14 сентября
Александринский театр
Премьера, открытие сезона
«Сирано» Николая Рощина хорош уже тем, что не использует размазанно-слащавый перевод Щепкиной-Куперник. Текст пьесы предельно сокращен - сведен к нескольким ключевым сценам: нападение Сирано на актера Монфлери, сражение с сотней оскорбленных, история с Роксаной и красавцем Кристианом, война, окончательное объяснение с Роксаной и смерть Сирано. Для этих сцен режиссер использует подстрочник французского текста, а иногда герои начинают декламировать и сам оригинальный текст, создавая ощущение аутентичности. Попытка аутентичности, казалось бы, контрастирует с тенденцией осовременить события (Сирано сражается не с оскорбленными дворянами, а с хорошо экипированным отрядом ОМОНа, он убежденный радикал, почти террорист и ненавидит все связанное с властью), но при ближайшем рассмотрении эти две линии органично переплетаются: в облике Сирано нам показывают вечно современное настоящее искусство. Герой Ростана становится поэтом андеграунда, великим для своих друзей и не слишком известным широкой публике, а его трагическая любовь - произведением концептуального искусства, в которой два человека слились в одного субъекта любви, а жизнь и искусство совершенно нераздельны.
Примерно половину спектакля занимает другая пьеса: пьеса кардинала, поставленная Монфлери. Это дает Николаю Рощину возможность сделать многоликую пародию: на классический театр с его пафосом и спецэффектами; на театр, служащий власти, но притворяющийся самостоятельным; на театр прямолинейно-тенденциозный - и в целом на поверхностное, картонно-красивое представление о прекрасном. Пародия очень смешная, местами совершенно неожиданная, движущаяся тонкими намеками и благодаря этому вмещающая очень многие театральные размышления сегодняшнего дня.

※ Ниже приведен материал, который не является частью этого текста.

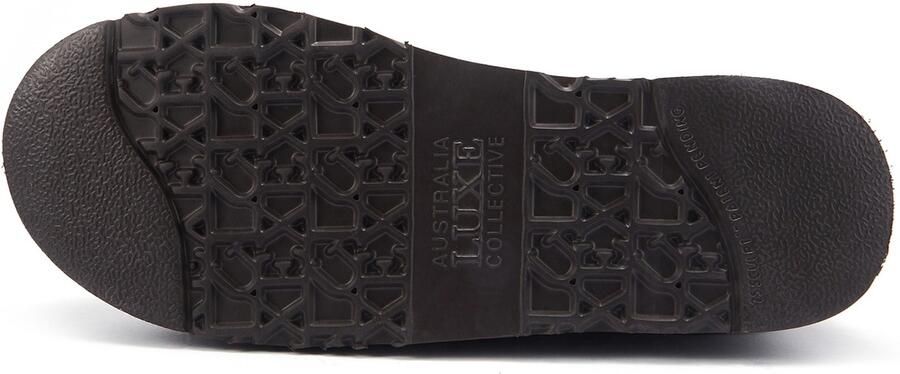 Australia Luxe Collective Huisschoenen aubergine - Foto 5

И в ней, этой пародии, главная проблема спектакля. Она, кажется, получилась ярче, чем история Сирано. Тем более, что Иван Волков (по-видимому, очень разносторонний человек: ему принадлежит и музыка к спектаклю) играет Сирано весьма посредственно. Нет в нем очарования гения. Поэтому, когда после смерти Бержерака минут двадцать перед нами разыгрывается пьеса Монфлери, мы легко забываем о борце за подлинное искусство и с интересом следим за перипетиями искусства пошлого, но гениально вышученного. Собственно, вся история Сирано в финале кажется ненужным приложением к пьесе Монфлери.
Вот в этом видится нам диалектическая ошибка режиссера. А в остальном - яркий и завораживающий спектакль, но цельностью и ясностью замысла несколько уступающий «Бане».